There are also eight 80 bit registers which are used for floating point and for executing the 64 bit MMX instructions.
Later processors also have eight 128 bit XMM registers which can make full use of the SSE and SSE2 instructions.

Traditional use of registers

Some instructions use particular registers to perform certain tasks; some instructions are faster if certain registers are used; in early processors not all the registers could do everything as they do now. These three facts, together with established traditional use of registers by assembler programmers over the years, have established expectations about how the registers should be used. If you stick to these it will help with the readability of your code.
  • Use EAX to pass data to a procedure and to return data from a procedure to the calling code. The Windows APIs themselves use EAX to return a value to the caller. AL, AX and EAX should also be used as far as possible to receive data from memory and loading data to memory since they may work slightly quicker than other registers. For example use MOV AL,[ESI] in preference to MOV DL,[ESI]. Also if you need to use ADD, AND, ADC, CMP, MOV, OR, SUB, TEST, XCHG, XOR with an immediate value (ie. a number like MOV AL,23h) use AL, AX or EAX if you can since the instruction uses fewer opcodes than if you use another register.
  • Use the EDX register as a backup for EAX if that is already in use.
  • Use the ECX register as a counter. JECXZ is a special instruction that tells you if ECX is zero and the LOOP, SCAS, MOVS series of instructions all use ECX as a counter.
  • Use EBX to hold data generally or to address memory for example MOV EAX,[EBX] or MOV [EBX],EDX.
  • Use ESI where you need to read from memory, eg. MOV EAX,[ESI] and EDI where you need to write to memory eg. MOV [EDI],EAX. This is consistent with the LODSD, STOSD and MOVSD instructions.
  • Use any of the registers as base or index registers in complex memory instructions eg. MOV EAX,[MemPtr+ESI*4+ECX]

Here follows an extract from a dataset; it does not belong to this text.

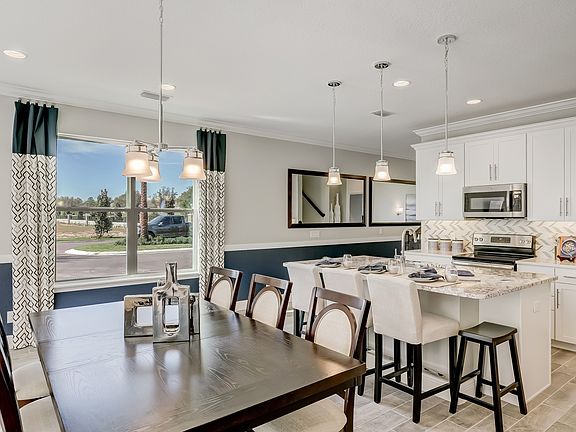 Gorgeous kitchen with dining area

  • Never use ESP for anything other than a pointer to the stack, unless you have a routine which has no stack activity at all. Then you might save the value of ESP in memory and restore it before returning to the caller of the routine.
  • Traditionally EBP is used to address local data on the stack in callback routines. EBP and its 16-bit component BP can be used as a general register in Windows programming, but you will have to be very careful if you are using stack frames (FRAME in GoAsm) or local data (LOCAL in GoAsm). This is because stack frame parameters and local data are addressed using EBP plus or minus value. After EBP is changed the parameters and local data cannot be accessed until EBP is restored to its previous value. Note that in 16-bit code BP used to address the stack segment unless used with a segment override, but in 32 bit windows EBP can be used to address any part of the 4GB "flat" memory area.
  • CS, DS and SS are still used by Windows even in 32 bit code, so you should not use these. And these days you can't use ES,FS or GS either. In Windows 98 and upwards this causes an exception.
  • If you need to use the ordinary registers to hold 64 bit information use EDX:EAX, where EDX holds the most significant bits. This accords with the 64 bit shift instructions SHLD and SHRD and also with CDQ.